One well-known Ottawa lacrosse player, Hugh Carson, would go on to serve as the president of the Ottawa Curling Club and also run a high-quality leather goods company in the city.
Another player, Barney Quinn, returned to Ottawa after his lacrosse career and operated a Turkish bath and massage parlour for three decades. He also served as a trainer for the Ottawa Silver Sevens, the city's last Stanley Cup champions, Bullock said.
Bullock said she knew almost nothing about lacrosse going into the kiosk project, but felt the stories of the people who played the sport were important to pass on.
"If we're going to talk about 150th celebrations, then we should talk about the national sport that gets overshadowed by [its] louder sibling of hockey," she said.
Local stories can get lost
While Canada's 150th anniversary will celebrate the country's sweeping historical narratives, it's those sorts of everyday stories that can get lost along the way, said David Dean, a Carleton University history professor and the project lead on the Capital History Kiosk.
"We want to tell [those stories] in a very dynamic and compelling way," Dean told CBC Radio's Ottawa Morning.

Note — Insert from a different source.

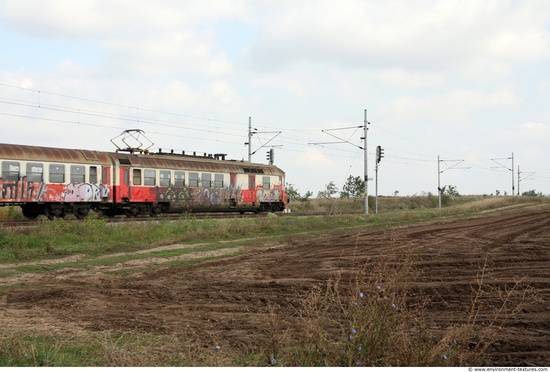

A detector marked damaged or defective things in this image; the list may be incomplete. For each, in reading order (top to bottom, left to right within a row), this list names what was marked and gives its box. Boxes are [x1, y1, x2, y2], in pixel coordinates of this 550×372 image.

rusty train roof [0, 143, 284, 177]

Dean said the stories came about after he asked students in his museum studies seminar to pick a site and simply "run with it."
Forthcoming kiosks, said Dean, will include one in Vanier that tells the story of the Caisse Populaire, as well as one in Hintonburg that relates a schoolteacher strike in 1918-1919.
The next one will be installed in Centretown and will tell the story of a downtown photographer who operated at Bank and Laurier streets.
"Public historians are very engaged with making history meaningful for people in their everyday lives," said Dean.
"So you're walking by, you're waiting for the traffic lights. We want you to say, 'Wow, what's that?'"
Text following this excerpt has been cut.